- Professor of Clinical Neurosurgery, School of Medicine, State University of N.Y. at Stony Brook, New York, USA
- Chief of Neurosurgical Spine and Education, NYU Winthrop Hospital, NYU Winthrop NeuroScience, Mineola, New York, USA
Correspondence Address:
Nancy E. Epstein
Professor of Clinical Neurosurgery, School of Medicine, State University of N.Y. at Stony Brook, New York, USA
Chief of Neurosurgical Spine and Education, NYU Winthrop Hospital, NYU Winthrop NeuroScience, Mineola, New York, USA
DOI:10.4103/sni.sni_85_18
Copyright: © 2018 Surgical Neurology International This is an open access journal, and articles are distributed under the terms of the Creative Commons Attribution-NonCommercial-ShareAlike 4.0 License, which allows others to remix, tweak, and build upon the work non-commercially, as long as appropriate credit is given and the new creations are licensed under the identical terms.How to cite this article: Nancy E. Epstein. Major risks and complications of cervical epidural steroid injections: An updated review. 23-Apr-2018;9:86
How to cite this URL: Nancy E. Epstein. Major risks and complications of cervical epidural steroid injections: An updated review. 23-Apr-2018;9:86. Available from: http://surgicalneurologyint.com/surgicalint-articles/major-risks-and-complications-of-cervical-epidural-steroid-injections-an-updated-review/
Abstract
Background:Too many patients, with or without significant cervical disease, unnecessarily undergo cervical epidural steroid injections (CESIs). These include interlaminar (ICESI) and transforaminal ESI (TF-CESI) injections that are not Food and Drug Administration (FDA) approved, have no documented long-term efficacy, and carry severe risks and complications.

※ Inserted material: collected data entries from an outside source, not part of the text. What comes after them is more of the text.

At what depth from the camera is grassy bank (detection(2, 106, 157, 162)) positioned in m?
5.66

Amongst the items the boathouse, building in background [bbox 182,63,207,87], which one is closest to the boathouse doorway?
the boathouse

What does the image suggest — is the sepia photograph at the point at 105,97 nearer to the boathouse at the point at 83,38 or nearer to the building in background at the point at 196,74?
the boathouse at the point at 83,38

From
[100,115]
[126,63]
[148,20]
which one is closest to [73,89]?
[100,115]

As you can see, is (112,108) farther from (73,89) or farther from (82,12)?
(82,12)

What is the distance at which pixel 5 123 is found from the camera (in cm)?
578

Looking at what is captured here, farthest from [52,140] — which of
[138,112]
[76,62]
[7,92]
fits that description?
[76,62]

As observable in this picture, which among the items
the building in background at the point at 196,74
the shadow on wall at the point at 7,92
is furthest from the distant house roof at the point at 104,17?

Methods:Here we reviewed recent reports of morbidity and mortality attributed to the various types of CESIS. Major complications included; epidural hematomas, infection (abscess/meningitis), increased neurological deficits due to intramedullary (quadriparesis/quadriplegia), and intravascular injections (e.g., vertebral artery injections leading to cord, brain stem, and cerebellar strokes). The latter injections leading to strokes were typically attributed to the particulate steroid matter (e.g., within the methylprednisolone injection solution) that embolized into the distal arterial branches.

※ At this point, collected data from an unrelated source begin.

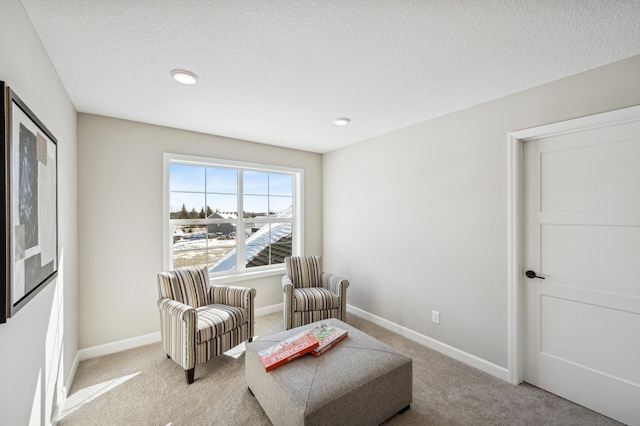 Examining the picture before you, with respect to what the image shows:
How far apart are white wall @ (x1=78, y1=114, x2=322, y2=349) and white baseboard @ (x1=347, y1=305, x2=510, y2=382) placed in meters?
2.60

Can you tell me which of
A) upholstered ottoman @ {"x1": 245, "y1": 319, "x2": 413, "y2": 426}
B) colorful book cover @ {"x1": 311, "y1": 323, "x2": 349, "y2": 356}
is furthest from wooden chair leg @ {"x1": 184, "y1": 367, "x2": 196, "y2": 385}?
colorful book cover @ {"x1": 311, "y1": 323, "x2": 349, "y2": 356}

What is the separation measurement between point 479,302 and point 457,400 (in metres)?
0.86

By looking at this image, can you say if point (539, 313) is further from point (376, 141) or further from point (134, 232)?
point (134, 232)

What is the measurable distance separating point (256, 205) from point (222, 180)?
594 millimetres

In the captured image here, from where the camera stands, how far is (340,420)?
1617 millimetres

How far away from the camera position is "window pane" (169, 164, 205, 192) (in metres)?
3.36

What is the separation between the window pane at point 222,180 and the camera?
11.9ft

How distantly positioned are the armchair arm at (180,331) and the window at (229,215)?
863 mm

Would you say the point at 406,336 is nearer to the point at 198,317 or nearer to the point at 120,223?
the point at 198,317

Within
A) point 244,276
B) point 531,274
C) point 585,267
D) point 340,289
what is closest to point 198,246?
point 244,276

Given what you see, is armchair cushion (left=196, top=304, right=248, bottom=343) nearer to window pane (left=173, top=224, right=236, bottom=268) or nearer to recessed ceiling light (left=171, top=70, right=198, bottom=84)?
→ window pane (left=173, top=224, right=236, bottom=268)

Results:Complications of cervical CESI/TF-CESI injections producing epidural hematoma, new neurological deficits (intramedullary injections), or intravascular injections resulting in strokes to the cord, brain stem, and cerebellum are often underreported. Interestingly, several other cases involving adverse events of CESI/TF-CESI may now be found in the medicolegal literature.
Conclusions:Cervical epidural injecions (e.g., CESI, ICESI, and TF-CESI) which are not FDA approved, provide no long-term benefit, and are being performed for minimal to no indications. They contribute to significant morbidity and mortality, including; epidural hematomas, infection, inadvertent intramedullary cord injections or cord, brain stem, and cerebellar strokes. Furthermore, these injections are increasingly required by insurance carriers prior to granting permission for definitive surgery, thus significantly delaying in some cases necessary operative intervention, while also subjecting patients at the hands of the insurance companies, to the additional hazards of these procedures.
Keywords: Cervical, coma, death, epidural steroid injections, infection, intramedullary, intravascular, paralysis, quadriplegia
INTRODUCTION
Many patients with even minor cervical complaints without significant magnetic resonance/computed tomography (MR/CT) documentation of significant cervical pathology are increasingly being subjected to high-risk cervical epidural steroid injections (CESIs) [e.g., interlaminar (ICESI) and transforaminal (TF-CESI)]. Major complications of these injections include; epidural hematoma, infection (abscess, meningitis), new neurological deficits (e.g., monoparesis to quadriplegia) due to intramedullary injections, and strokes to the spinal cord, brain stem, and/or cerebellum attributed to intravascular injections among others. Further, these cervical injections are still not approved by the Food and Drug Administration (FDA), and have not been proven to be either safe or effective in the cervical or lumbar spine.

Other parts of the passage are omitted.